The lawsuits relate to incidents dating back to 1999 and 2000, when the fighting was at its fiercest.
'Tortured and killed'
Six individuals have brought cases against the Russian government, which has denied their right to appeal to the Strasbourg court, claiming they have not exhausted their legal options in Russia.
Five of the civilians were in the courtroom on Thursday to hear lawyers tell a seven-judge panel that Russia had violated their rights under the 1950 European Convention on Human Rights.
In the first case, two plaintiffs say their relatives were tortured by federal forces and then killed as troops went house-to-house in search of rebel fighters in the Chechen capital, Grozny, in January 2000.
Three others are claiming that Russian warplanes indiscriminately bombed civilians as they fled Grozny in 1999.
The final case is being brought by a woman who says that her son and three nieces were killed in a bombing raid on their village in February 2000.
Lawyers for the plaintiffs say they hope the hearings will draw attention to rampant human rights abuses in Chechnya.

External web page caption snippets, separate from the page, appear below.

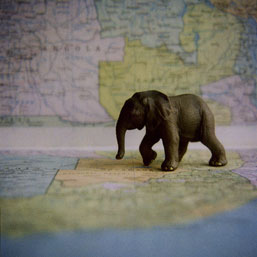 Elephant on Map
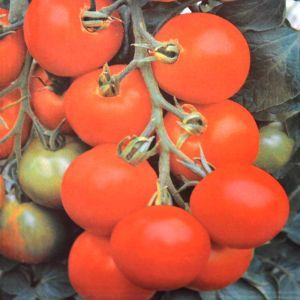 Tomates pour balcons Maja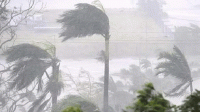 রাতে ঢাকাসহ যে ৯ জেলায় ৬০ কিমি বেগে ঝড় ও ভারি বর্ষণের শঙ্কা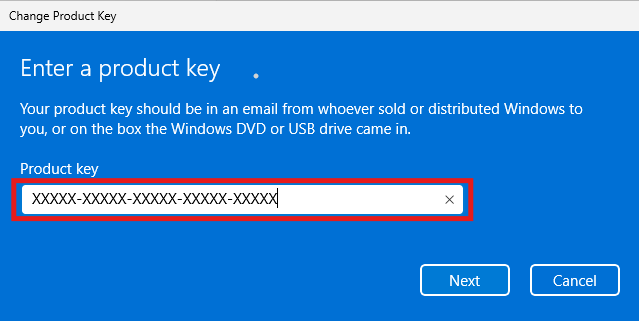 Windows Activation screen showing product key entry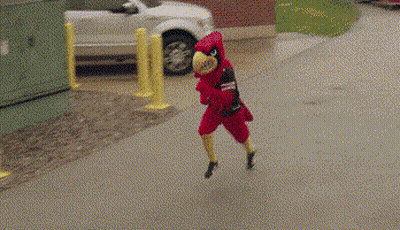 Person In Cardinal Mascot Costume Running Down Street GIF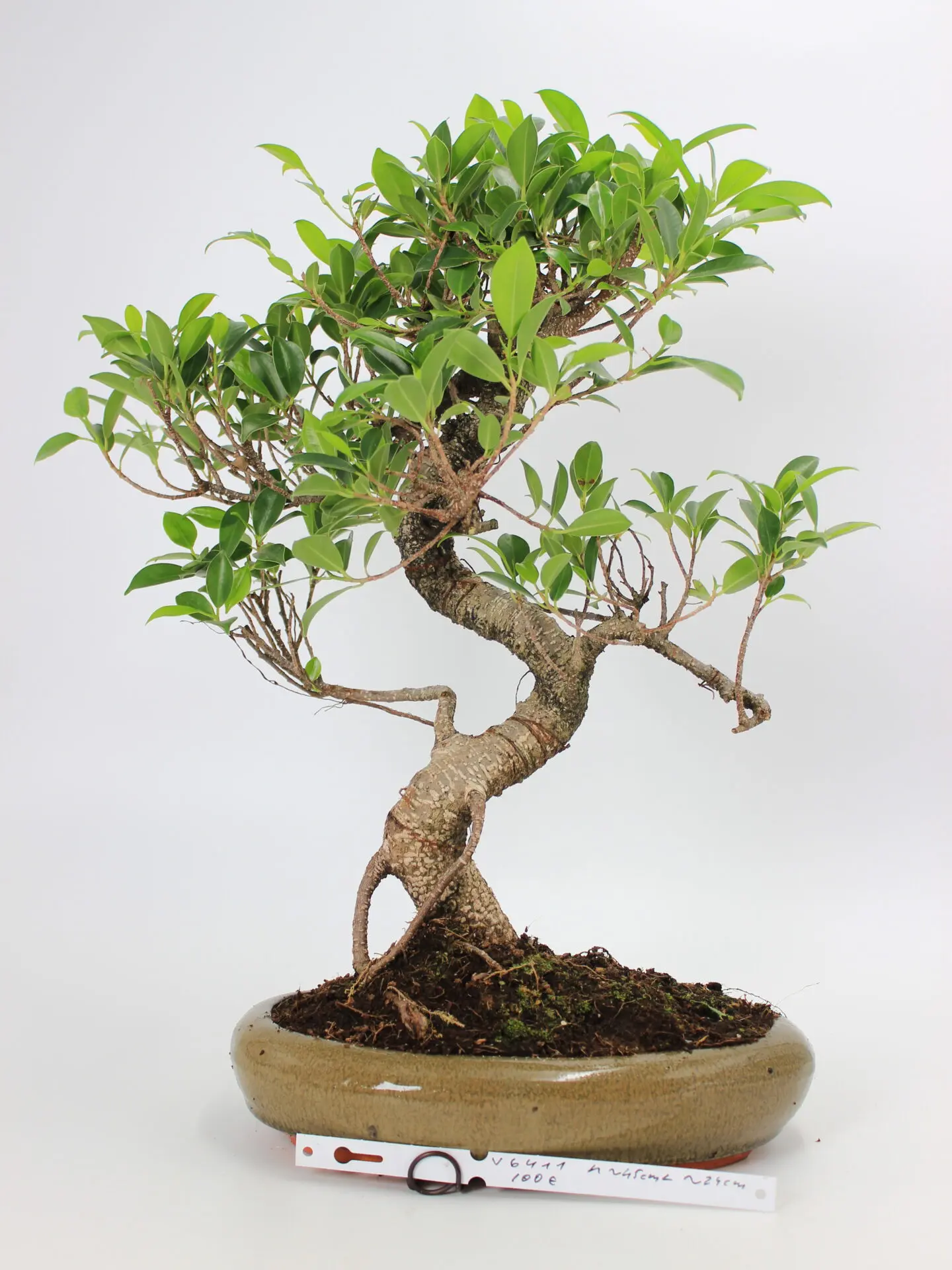Ficus kambarinis bonsai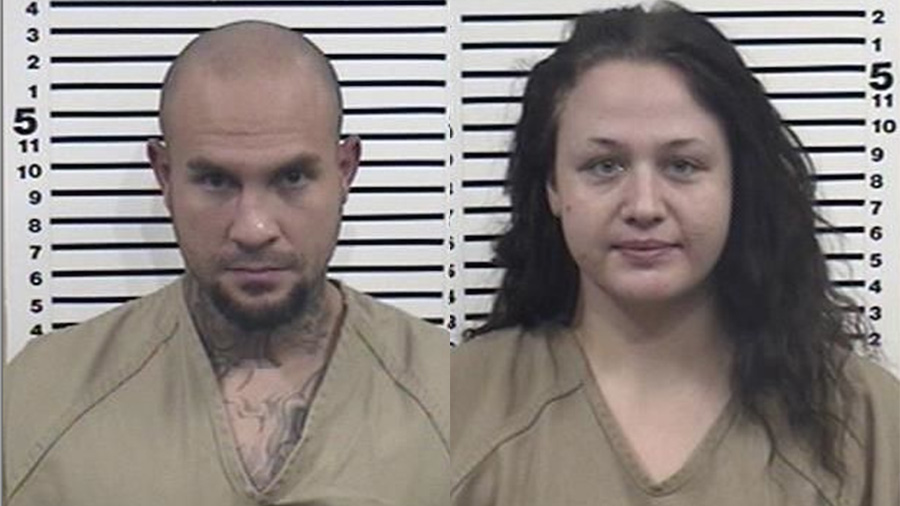 McDonald and Terrisse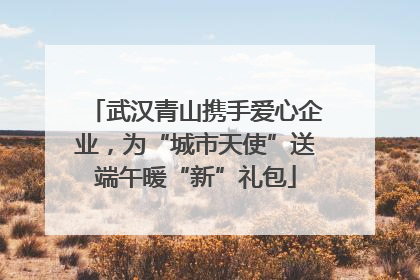 武汉青山携手爱心企业，为“城市天使”送端午暖“新”礼包
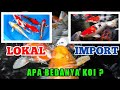 PERBEDAAN IKAN KOI IMPORT DAN LOKAL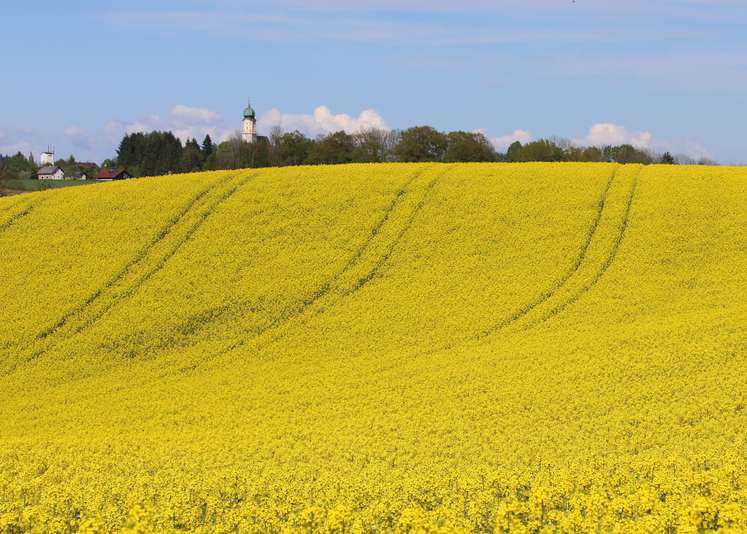 Rapsfelder.jpg
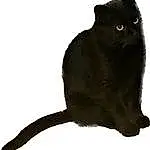 Cat, Carnivore, Felidae, Bombay, Small To Medium-sized Cats, Sleeve, Whiskers, Tail, Terrestrial Animal, Black cats, Furry friends, Event, Illustration, Plant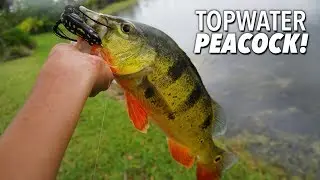 Topwater frog fishing for PEACOCK BASS!!! (ft. JDM Shimano Casitas MGL)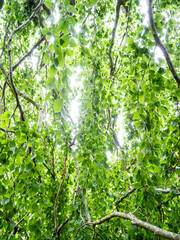 Willow Tree at Polly Hill Arboretum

"This will be [a] quite important recognition ... that at least some operations in course of the conflict have been conducted in violation of current international law," victims' lawyer Kirill Koroteyev told the Associated Press.
Russia's legal representative at the court, Pavel Laptev, accused the Chechens of organising a "public relations campaign on the basis of the misfortune of others".
The Russian authorities concede that abuses have been committed, but they maintain that offenders are being punished, and that since the start of the conflict the human rights situation in Chechnya has improved.